Super Bowl LV is almost here, and you can watch it for free on the CBS Sports App.
The color red has been an important color for as long as we've understood colors. It means blood, passion, aggression, activity, romance and assertiveness, and its meaning to us as humans can be traced through tens of thousands of years of human evolution. A study more than a decade ago showed judges favor athletes wearing red, perceiving those athletes as more dominant.
Last year, I asked Mark Frank, who authored a study on the impact of jersey colors on sports, and Russell Hill, an evolutionary anthropology professor, whether the Chiefs wearing red would have an advantage over the 49ers in white.
"Let's see. How do I word this? Yes, but it's just tiny," Frank said. "It's got a slight advantage, but one ill-timed fumble wipes out that advantage. One ill-timed pass. One arm being hit while thrown will probably override whatever advantage that would be."

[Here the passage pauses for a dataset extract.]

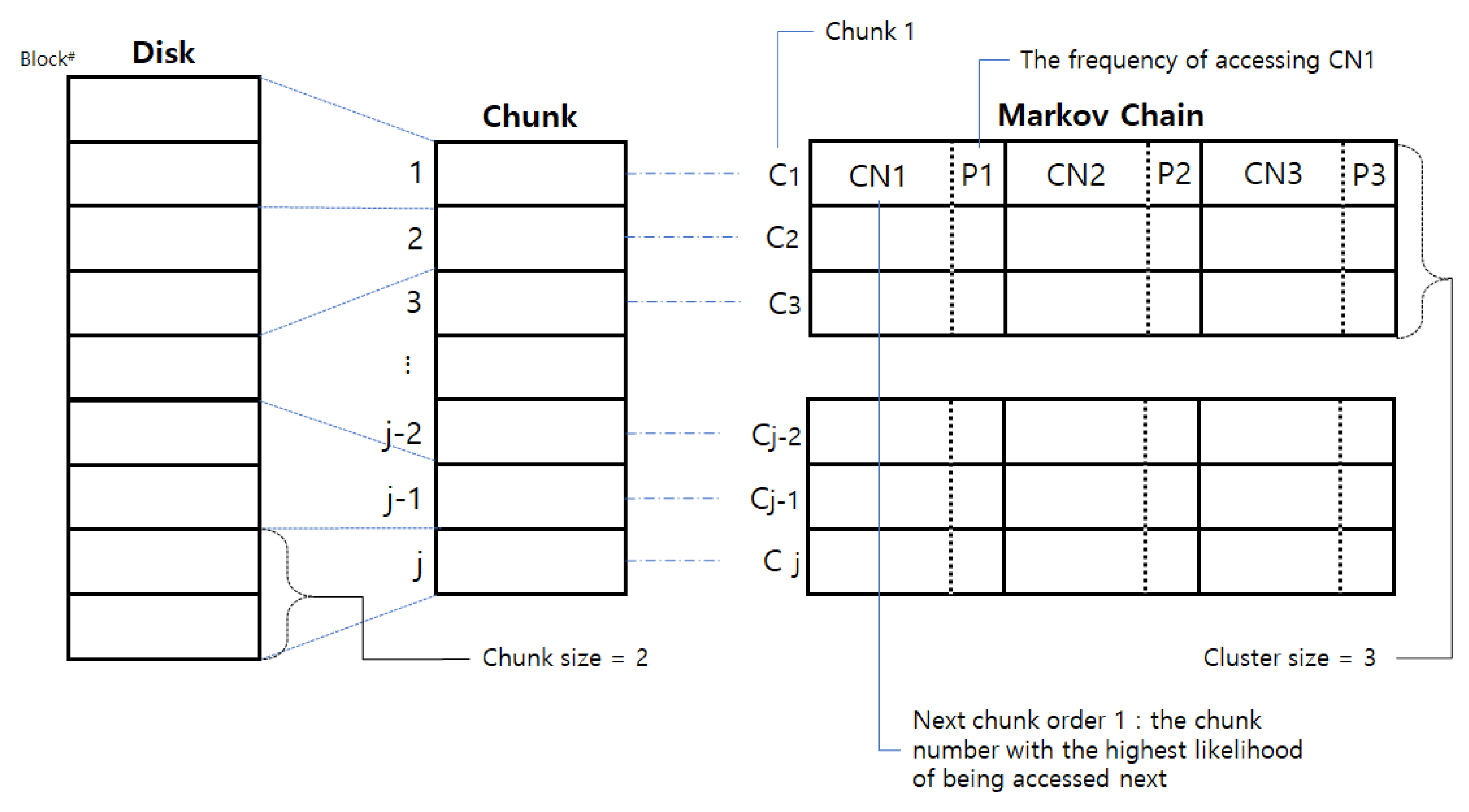 Electronics 12 03293 g002 Electronics 12 03293 g002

Hill agrees, and he does so while painting a picture of Sunday night.
"The way we would probably expect it to operate anyway is not the buildup to the game but on the field itself ... athletes on the line of scrimmage, in opposition of another. They very much are facing one another as the ball is snapped," Hill said. "I think in those particular contexts where it could have an impact on the San Francisco players, those athletes all looking at athletes dressed in red, each of whom is displaying this color that has this evolutionary association with power and dominance.
"It's in that particular context and in those very fine margins that we expect it to have a difference. If it just takes one or two percent off the degree that these players go into impact, the energy that they put into it, and these games are fine margins, that can be enough to tip the balance between winning and losing."

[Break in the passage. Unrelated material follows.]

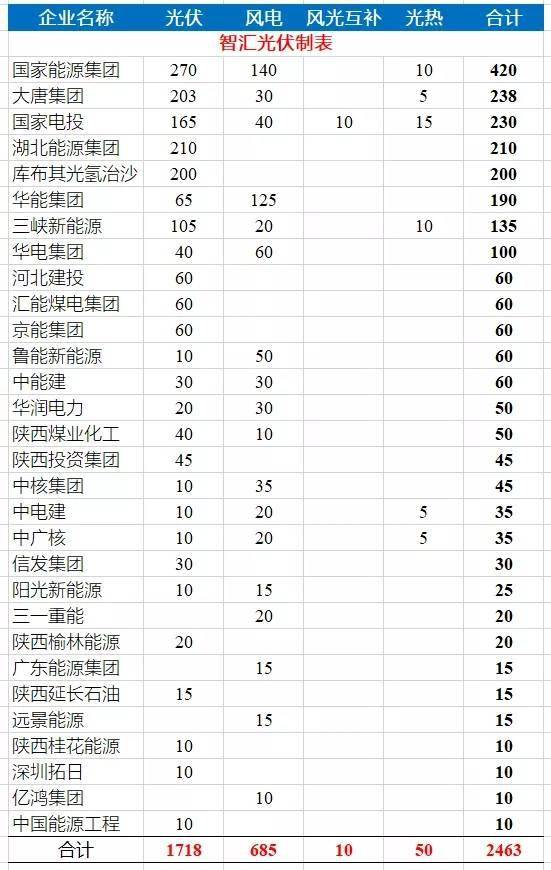 香港二四六開獎結(jié)果大全,可依賴操作方案_LVT50.485明亮版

Surely Tom Brady, Bruce Arians and Jason Licht read this story last year. So why did they decide to go against this advice and put themselves at a disadvantage?
I have a few hunches. The first is that the Bucs wore red jerseys and pewter pants in their Week 12 loss at home to the Chiefs (who were in white jerseys and red pants.) In short, they tried it the first time and it didn't work.

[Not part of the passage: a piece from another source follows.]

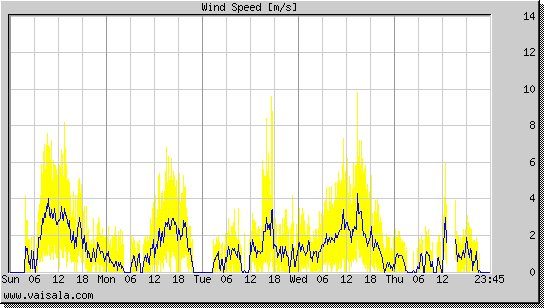 Wind Speed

More globally, the Buccaneers have been far more successful in white jerseys than their red or pewter jerseys. Tampa Bay is 9-2 in white tops, 3-2 in red tops and 2-1 in pewter tops this season.
Specific to this jersey combination, though, the Buccaneers are undefeated. The Bucs went 5-0 in white jerseys and pewter pants this year, with victories over the Panthers, Lions, Saints and Packers twice.
Meanwhile, the Chiefs have gone 9-2 in red jerseys (including 8-2 in red jerseys and white pants) and 7-0 in white jerseys this year.
And so now the decision to be in white jerseys is becoming clearer to me. The Bucs have eschewed whatever slight subconscious advantage the red jerseys may give them and instead have decided to don the uniform they have had their most success in all season long. Then they forced the Chiefs into a uniform that they've had less success in this season but won a Super Bowl in last year, thus creating what could be a false sense of comfortability heading into the game.
Ah, yes. The psychology — and reverse psychology — of Super Bowl uniform combinations.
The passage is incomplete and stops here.